For several years, I continued to paint murals in LA, but I didn’t fully appreciate their impact until I returned to the East Coast several years later.
In 1984, when I was hired to run an art program for the Philadelphia Anti-Graffiti Network, I began working in neglected neighborhoods where many people had nearly given up hope. These were places where the only visible city employees were the police. Here, I met block captains and community leaders, mostly elderly women, whose optimism and determination provided inspiration and role models for a lifetime.
I have vivid memories of Ms. Rachel Bagby, from the neighborhood at 20th and Dauphin, gradually overcoming her skepticism about what good “painting on walls could do” and then becoming a committed partner in the creation of community murals. She longed for a little beauty in her community, to compete with the billboards advertising alcohol and cigarettes. She saw the murals as a way to tell the stories of the people in the neighborhood. She helped gather her neighbors, and we began talking about their histories and their hopes. We painted several rural scenes to commemorate the tradition of black family farms in the South, a visual memory treasured by the elders but virtually unknown to the young people. Our partnership culminated in an enormous mural of Mount Kilimanjaro, which Ms. Bagby and some other neighbors had visited. It stood for years like a beacon on a busy street, reminding all passers of their ties to the African continent.
Since then, I have seen truant teens emerge from silent cocoons to contribute their ideas and take up brushes to create a mural. I’ve watched lifers in a maximum-security prison struggle to find peace and common ground with victims of crime—and then visualize that healing effort in a mural painted together. I have seen neighborhoods split by animosity and racial strife overcome suspicion and hostility while working together to create art.

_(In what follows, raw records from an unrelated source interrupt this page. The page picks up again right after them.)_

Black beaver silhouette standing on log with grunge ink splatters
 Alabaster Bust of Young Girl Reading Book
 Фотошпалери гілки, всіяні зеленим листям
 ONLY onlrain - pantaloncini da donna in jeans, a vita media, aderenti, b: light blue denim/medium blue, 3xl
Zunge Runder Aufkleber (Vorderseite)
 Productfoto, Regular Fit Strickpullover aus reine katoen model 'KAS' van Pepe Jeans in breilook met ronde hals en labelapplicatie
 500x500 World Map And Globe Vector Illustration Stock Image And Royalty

I am not naïve. I don’t see art as the solution to all problems. But I have seen enough evidence to know that public art is not a frill or an extravagance. Not for my community or my city, and certainly not for me. In 1982, when I could no longer use my left hand and was told I had a fatal illness called lupus, the need to paint, the drive to tell stories on walls kept me going.
I believe that art keeps us all going. And I believe that when people make art with each other, for each other, transformations occur, and the force of life triumphs.
Jane Golden, founder and executive director, has been a driving force for the Philadelphia Mural Arts Program, overseeing its growth from a small city agency into the nation’s largest mural program. Under Golden’s direction, the Mural Arts Program has created more than 3,800 landmark works of public art, and Golden has received numerous awards for her expertise and accomplishments. Golden holds an MFA from the Mason Gross School of the Arts at Rutgers University, as well as a BA in fine arts and political science from Stanford University.